Mulberry is regarded as multipurpose plant due to recognition of its role in environmental safety approach, as a medicinal plant and its industrial uses in various sectors [1
]. The broad ecological adaptability of mulberry to different environmental conditions such as temperature, water, and soil, and enables it to have multiple ecological protective functions in water and soil conservation, wind resistance and sand consolidation, water source preservation and air refreshment [2
]. The health-promoting effect of white mulberry (Morus alba
L.) results from the presence of many compounds with biological activity. The literature indicates the presence of polyphenolic compounds, such as, quercetin, kaempferol, rutin, isoquercetin, astragalin, myricetin derivatives and other glucosides [3
]. Mulberry preparations are also a source of tannins and coumarin compounds (scopolin and skimin). The presence of numerous phenolic acids (chlorogenic acid, caffeic acid, hydroxybenzoic or ferulic acid) was determined in mulberry leaves and fruits [4
]. Furthermore, mulberry was shown to contain terpenes such as citral, linalol acetate, linalol or cis-3-hexen-1-ol, and steroids such as β-sitosterol [5
]. From the pharmacological point of view, the important active ingredients of mulberry are alkaloids which may affect carbohydrate metabolism: 1,5-dideoxy-1,5-imino-D-sorbitol (DNJ) and its derivatives. The variety and specificity of the compounds contained in the leaves, roots, fruits and bark of mulberry has an effect on the antioxidant and health-promoting activity in model and biological systems, which has been repeatedly demonstrated in the available literature [11
Cereal products, including bread, provide components necessary for the proper functioning of the body such as proteins, saccharides, minerals and biologically active substances (e.g., dietary fiber and vitamins). Fresh bread is a short-life product, so freezing the dough is a common practice in industrial production due to its many economic advantages.
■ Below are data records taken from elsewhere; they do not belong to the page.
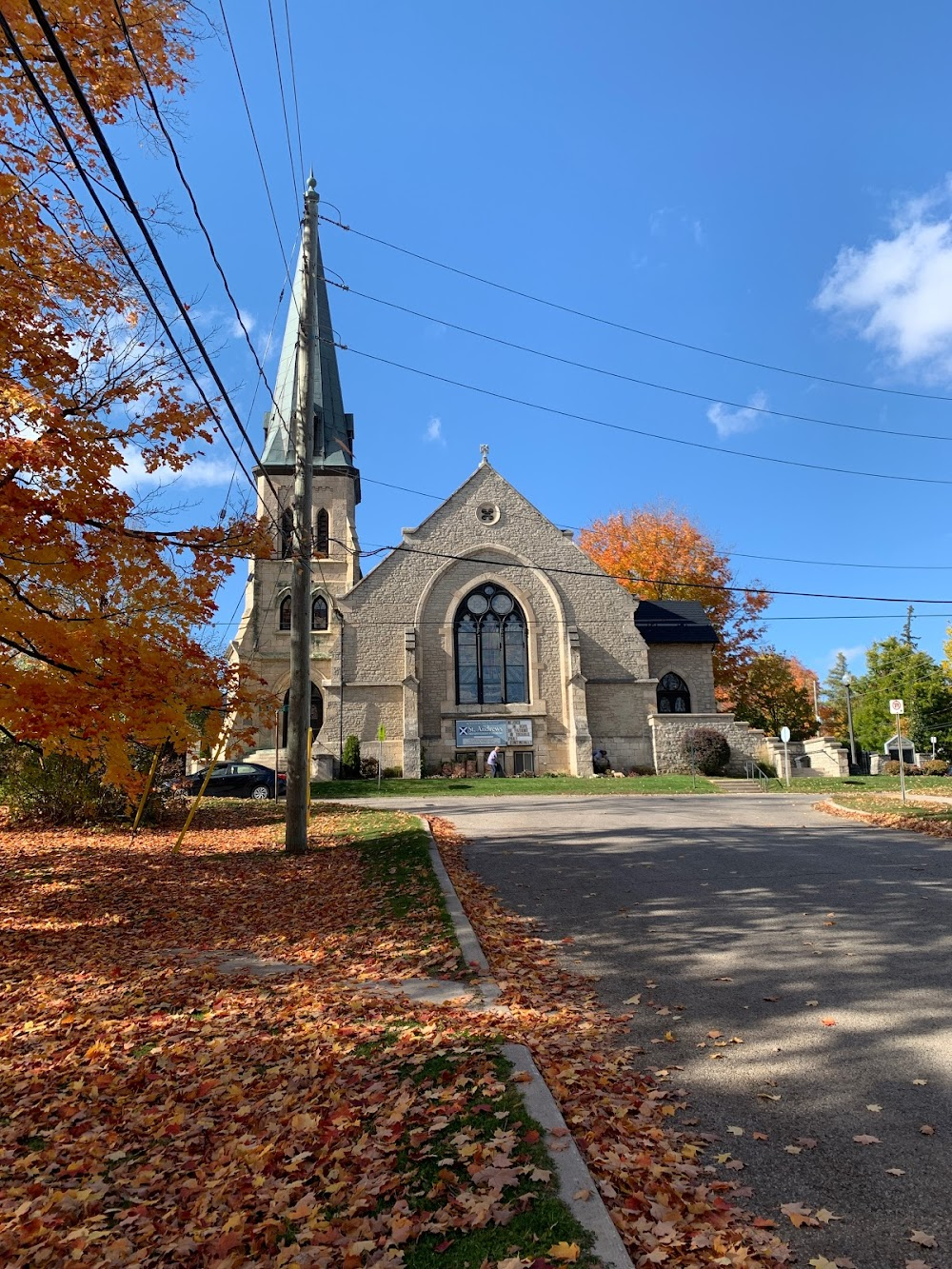 Salem Falls : Church service attended by Gillian and Amos Duncan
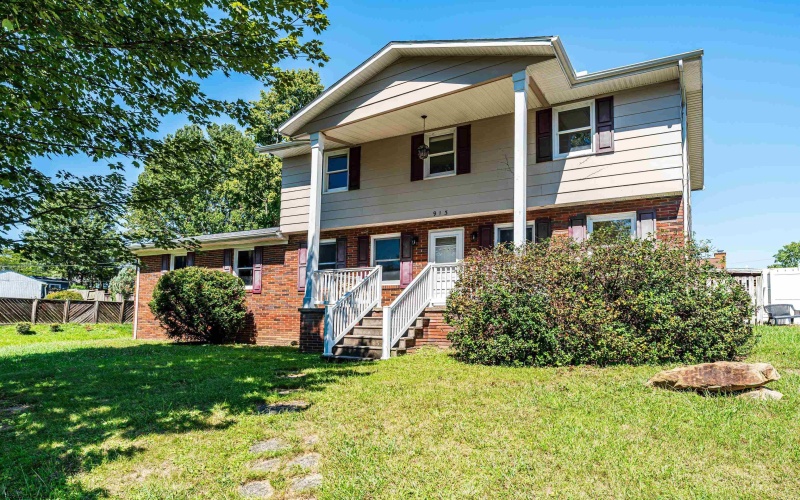 913 Briarwood Court, Morgantown, West Virginia 26505, 4 Bedrooms Bedrooms, 8 Rooms Rooms,2 BathroomsBathrooms,Single Family Detached,For Sale,Briarwood,10161463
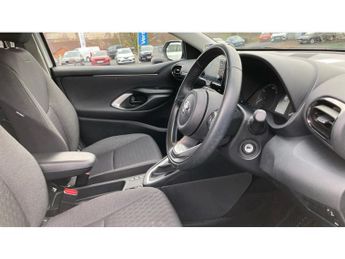 Toyota Yaris 1.5 Hybrid Icon 5dr CVT Hybrid Hatchback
Freezing of bread saves time and labor during production and extends the shelf-life of the product, which facilitates product distribution [12
]. However, the process of freezing and storage affects the structure and quality of the dough, mainly due to the formation of ice crystals, recrystallization and redistribution of water in the product [13
]. These processes negatively affect the quality of the dough and lead to an increase and destruction of the crumb pores, weakening of the gluten network and deformation of the starch grains, thus there is a search for ways to reduce the adverse changes associated with the cooling processes [14
Bread fortification is a common practice used to prevent malnutrition and nutritional deficiencies in populations and adding functional properties, but additional ingredients can also influence other parameters, such as appearance, flavor and taste [15
] Presence of various ingredients in bread, such as plants’ components and extracts, can also influence the physicochemical stability and quality parameters during storage [17
]. In studies in which bread was enriched with Garcinia mangostana
fruit extract, it was shown that such an addition increases the attractiveness of the bread in terms of its functionality, while reducing the bread volume [19
]. Sun-Waterhouse et al., by adding extracts of dried apples, kiwi and blackcurrants to bread, showed that they can be a beneficial functional addition [20
]. Peng et al. proved that the antioxidant properties of bread can be improved by adding grape seed extract rich in catechins and epicatechins [21
]. In another publication, it was shown that Cistus
extract contributes to the improvement of the microbiological quality of bread [22
]. The addition of Cistus
extract influenced the content of polyphenols by increasing it from 8.88 (wheat bread) to 78.71 mg/100 g (bread with 7.5% cistus extract). The literature also indicates other raw materials that can be used to enrich bread, such as hops, rice, blueberries, etc. However, there is no data in the literature on the impact of refrigerated storage on baking or ready-made bread on the functional properties resulting from the addition of white mulberry. Using mulberry leaves to enrich bread is consistent with the principle of sustainable development due to the use of raw materials that are a good source of compounds contributing to the improvement of the well-being of the population. Mulberry leaves are currently not a component of many foods for humans and are available in many locations around the world. Bread enriched with ingredients derived from white mulberry and the good quality of such bread after storage in a frozen state may indicate new directions in reducing food waste by extending the shelf life of bread that maintains high sensory and microbial quality and functional properties. The aim of the study was to investigate the effect of additives in the form of mulberry leaves and fruit extract on the quality and properties of fresh and frozen bread. Enriched and control bread products were compared in terms of sensory characteristics and polyphenol content, as well as antioxidant and microbiological activity.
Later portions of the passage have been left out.